L'organisation Casa Alianza a alerté sur la situation des enfants au Honduras après avoir signalé que 197 mineurs sont morts au cours des six premiers mois de 2026, un chiffre qui entretient l'inquiétude des organisations de protection de l'enfance.
La directrice de l'Observatoire des enfants de l'institution, Grecia Moreno, a indiqué que les principales causes de décès correspondent aux accidents de la route, aux homicides et aux suicides.
Selon le rapport, les accidents de la route représentent 47% des cas, soit environ 92 décès mineurs.
Les homicides occupent la deuxième place, avec 73 victimes, tandis que les suicides totalisent 32 cas. Le reste correspond aux autres causes de décès enregistrées sur la période.
Selon les données de Casa Alianza, les accidents de la route restent la principale cause de décès chez les mineurs au Honduras.
L'organisation a noté que bon nombre de ces cas sont liés à l'utilisation de motos et de véhicules par des adolescents qui ne sont pas suffisamment âgés ou expérimentés pour conduire.

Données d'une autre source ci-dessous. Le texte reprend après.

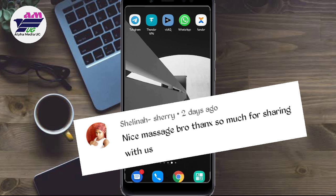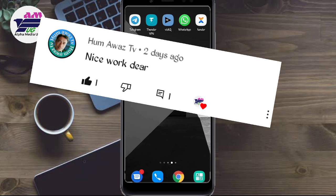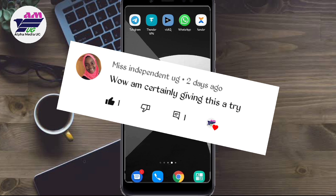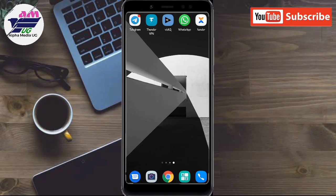So we are starting with Shalina. Sherry says nice message bro, thanks so much for sharing with us — welcome Sherry. Hammer WasTv says nice work dear — welcome. Ongum Chris Fuzz says good work my good sir, thanks Chris Fuzz. And lastly Miss Independent Hug says wow, I'm certainly giving this a try. Thanks guys for your comments and also thanks for your subscription.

Grecia Moreno a appelé les parents à jouer un rôle plus actif dans la surveillance des mineurs et à éviter les situations à risque.
Le spécialiste a indiqué qu'une partie importante de ces décès pourrait être évitée grâce à un meilleur contrôle familial et au respect du code de la route.
L'une des principales conclusions du rapport est l'expansion géographique de la violence qui touche les enfants.
Moreno a expliqué que, les années précédentes, la plupart des cas étaient concentrés à Francisco Morazán y Cortés.
Cependant, au cours de l’année 2026, des situations préoccupantes ont également été identifiées dans des départements comme Colón, Yoro, Choluteca et El Paraíso.
« Avant, nous identifiions ces cas principalement à Francisco Morazán et Cortés, mais maintenant ils sont également enregistrés dans d'autres départements qui n'étaient pas considérés auparavant comme des points rouges », a-t-il souligné.
L'organisation considère que cette situation reflète une augmentation de la violence dans différents secteurs du pays.
Les homicides représentent 37 % des décès enregistrés, un chiffre qui continue d'inquiéter les agences de protection de l'enfance.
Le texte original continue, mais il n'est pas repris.